[Excerpts from a dataset]
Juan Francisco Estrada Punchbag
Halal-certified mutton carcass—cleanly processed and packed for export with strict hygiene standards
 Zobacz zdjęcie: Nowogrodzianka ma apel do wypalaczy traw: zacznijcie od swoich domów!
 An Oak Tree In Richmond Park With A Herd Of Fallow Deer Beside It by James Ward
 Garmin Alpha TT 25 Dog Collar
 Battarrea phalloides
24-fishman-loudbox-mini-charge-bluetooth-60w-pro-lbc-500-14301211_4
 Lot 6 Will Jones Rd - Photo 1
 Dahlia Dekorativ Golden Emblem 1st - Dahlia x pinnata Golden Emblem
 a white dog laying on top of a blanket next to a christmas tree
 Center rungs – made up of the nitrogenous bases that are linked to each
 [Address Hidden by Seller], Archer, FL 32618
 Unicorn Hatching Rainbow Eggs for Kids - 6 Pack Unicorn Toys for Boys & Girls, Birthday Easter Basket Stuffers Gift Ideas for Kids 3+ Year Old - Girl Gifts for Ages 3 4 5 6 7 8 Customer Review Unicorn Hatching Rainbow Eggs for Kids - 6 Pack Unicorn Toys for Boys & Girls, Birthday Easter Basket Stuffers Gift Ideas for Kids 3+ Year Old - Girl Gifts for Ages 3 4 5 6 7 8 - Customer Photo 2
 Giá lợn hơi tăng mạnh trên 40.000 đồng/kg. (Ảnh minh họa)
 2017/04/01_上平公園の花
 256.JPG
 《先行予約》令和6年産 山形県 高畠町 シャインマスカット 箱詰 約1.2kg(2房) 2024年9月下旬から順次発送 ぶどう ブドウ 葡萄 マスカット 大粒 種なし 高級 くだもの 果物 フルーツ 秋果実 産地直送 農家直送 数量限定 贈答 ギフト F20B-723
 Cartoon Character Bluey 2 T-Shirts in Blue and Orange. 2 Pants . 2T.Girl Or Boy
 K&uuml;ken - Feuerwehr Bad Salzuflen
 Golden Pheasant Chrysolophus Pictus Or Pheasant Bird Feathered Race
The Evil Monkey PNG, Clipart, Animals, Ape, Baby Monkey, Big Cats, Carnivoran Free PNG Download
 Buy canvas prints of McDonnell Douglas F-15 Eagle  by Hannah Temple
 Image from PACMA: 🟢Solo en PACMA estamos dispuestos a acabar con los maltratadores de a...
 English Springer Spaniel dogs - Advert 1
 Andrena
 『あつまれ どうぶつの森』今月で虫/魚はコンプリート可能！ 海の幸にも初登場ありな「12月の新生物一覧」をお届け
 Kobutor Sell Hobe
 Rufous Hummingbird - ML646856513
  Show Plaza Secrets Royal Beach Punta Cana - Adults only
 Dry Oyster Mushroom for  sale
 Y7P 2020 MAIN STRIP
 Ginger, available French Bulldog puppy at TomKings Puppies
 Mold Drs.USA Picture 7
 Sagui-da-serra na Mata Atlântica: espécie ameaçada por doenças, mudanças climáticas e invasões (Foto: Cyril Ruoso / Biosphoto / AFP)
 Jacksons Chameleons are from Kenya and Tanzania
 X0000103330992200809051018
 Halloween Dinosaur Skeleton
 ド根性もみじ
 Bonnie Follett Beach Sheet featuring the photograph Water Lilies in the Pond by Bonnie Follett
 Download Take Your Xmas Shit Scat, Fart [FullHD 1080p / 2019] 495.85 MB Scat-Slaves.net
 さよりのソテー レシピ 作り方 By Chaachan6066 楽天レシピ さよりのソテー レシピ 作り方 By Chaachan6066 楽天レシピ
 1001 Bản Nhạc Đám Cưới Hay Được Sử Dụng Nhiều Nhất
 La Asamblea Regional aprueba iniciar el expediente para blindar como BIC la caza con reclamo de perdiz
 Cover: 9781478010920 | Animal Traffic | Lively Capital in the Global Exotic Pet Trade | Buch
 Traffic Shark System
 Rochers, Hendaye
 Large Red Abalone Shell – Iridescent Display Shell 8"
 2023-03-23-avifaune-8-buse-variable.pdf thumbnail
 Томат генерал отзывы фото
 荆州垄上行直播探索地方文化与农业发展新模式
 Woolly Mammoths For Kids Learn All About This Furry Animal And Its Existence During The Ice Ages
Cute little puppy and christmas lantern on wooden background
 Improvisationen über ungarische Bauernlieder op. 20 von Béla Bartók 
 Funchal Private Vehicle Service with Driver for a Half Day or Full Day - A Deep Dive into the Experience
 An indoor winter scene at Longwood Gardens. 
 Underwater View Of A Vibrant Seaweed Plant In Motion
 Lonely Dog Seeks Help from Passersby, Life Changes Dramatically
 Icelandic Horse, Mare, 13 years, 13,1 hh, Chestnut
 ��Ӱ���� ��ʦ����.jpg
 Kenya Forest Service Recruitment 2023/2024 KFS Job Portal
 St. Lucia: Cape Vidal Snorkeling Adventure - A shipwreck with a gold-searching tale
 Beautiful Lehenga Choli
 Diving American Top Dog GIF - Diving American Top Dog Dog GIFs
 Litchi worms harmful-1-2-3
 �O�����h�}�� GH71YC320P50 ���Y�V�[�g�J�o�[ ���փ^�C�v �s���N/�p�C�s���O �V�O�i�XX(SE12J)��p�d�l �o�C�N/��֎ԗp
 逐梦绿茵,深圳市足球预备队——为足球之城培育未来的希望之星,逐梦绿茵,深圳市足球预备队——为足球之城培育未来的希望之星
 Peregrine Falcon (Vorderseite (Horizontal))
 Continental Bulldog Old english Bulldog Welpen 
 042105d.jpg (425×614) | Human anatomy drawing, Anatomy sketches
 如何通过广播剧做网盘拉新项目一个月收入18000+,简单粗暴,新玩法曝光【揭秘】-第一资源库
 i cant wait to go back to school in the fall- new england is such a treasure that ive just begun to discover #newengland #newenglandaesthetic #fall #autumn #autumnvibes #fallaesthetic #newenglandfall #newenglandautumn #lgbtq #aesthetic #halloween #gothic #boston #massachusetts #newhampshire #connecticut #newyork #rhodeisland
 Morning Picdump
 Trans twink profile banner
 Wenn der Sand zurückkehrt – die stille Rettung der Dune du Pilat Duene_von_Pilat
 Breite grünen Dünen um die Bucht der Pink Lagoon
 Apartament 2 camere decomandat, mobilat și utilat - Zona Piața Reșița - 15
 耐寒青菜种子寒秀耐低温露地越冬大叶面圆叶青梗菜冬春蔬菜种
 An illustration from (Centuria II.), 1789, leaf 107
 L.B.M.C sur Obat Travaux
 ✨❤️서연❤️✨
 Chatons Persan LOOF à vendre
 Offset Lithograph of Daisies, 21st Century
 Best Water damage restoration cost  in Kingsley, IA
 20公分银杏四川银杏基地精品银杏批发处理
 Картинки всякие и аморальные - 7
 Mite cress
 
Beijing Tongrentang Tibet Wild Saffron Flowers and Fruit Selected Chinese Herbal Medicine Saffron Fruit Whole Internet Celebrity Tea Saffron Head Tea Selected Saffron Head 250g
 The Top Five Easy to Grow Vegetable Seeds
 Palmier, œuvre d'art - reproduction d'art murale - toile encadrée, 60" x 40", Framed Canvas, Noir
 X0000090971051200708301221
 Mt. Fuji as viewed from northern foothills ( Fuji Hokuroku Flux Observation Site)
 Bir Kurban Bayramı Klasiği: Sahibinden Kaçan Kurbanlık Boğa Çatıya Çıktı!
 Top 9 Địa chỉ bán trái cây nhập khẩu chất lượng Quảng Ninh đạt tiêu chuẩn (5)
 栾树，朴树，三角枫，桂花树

[Problem statement] Every line above that holds the word "Kids" needs to be copied.

[Exercise response]
 Unicorn Hatching Rainbow Eggs for Kids - 6 Pack Unicorn Toys for Boys & Girls, Birthday Easter Basket Stuffers Gift Ideas for Kids 3+ Year Old - Girl Gifts for Ages 3 4 5 6 7 8 Customer Review Unicorn Hatching Rainbow Eggs for Kids - 6 Pack Unicorn Toys for Boys & Girls, Birthday Easter Basket Stuffers Gift Ideas for Kids 3+ Year Old - Girl Gifts for Ages 3 4 5 6 7 8 - Customer Photo 2
 Woolly Mammoths For Kids Learn All About This Furry Animal And Its Existence During The Ice Ages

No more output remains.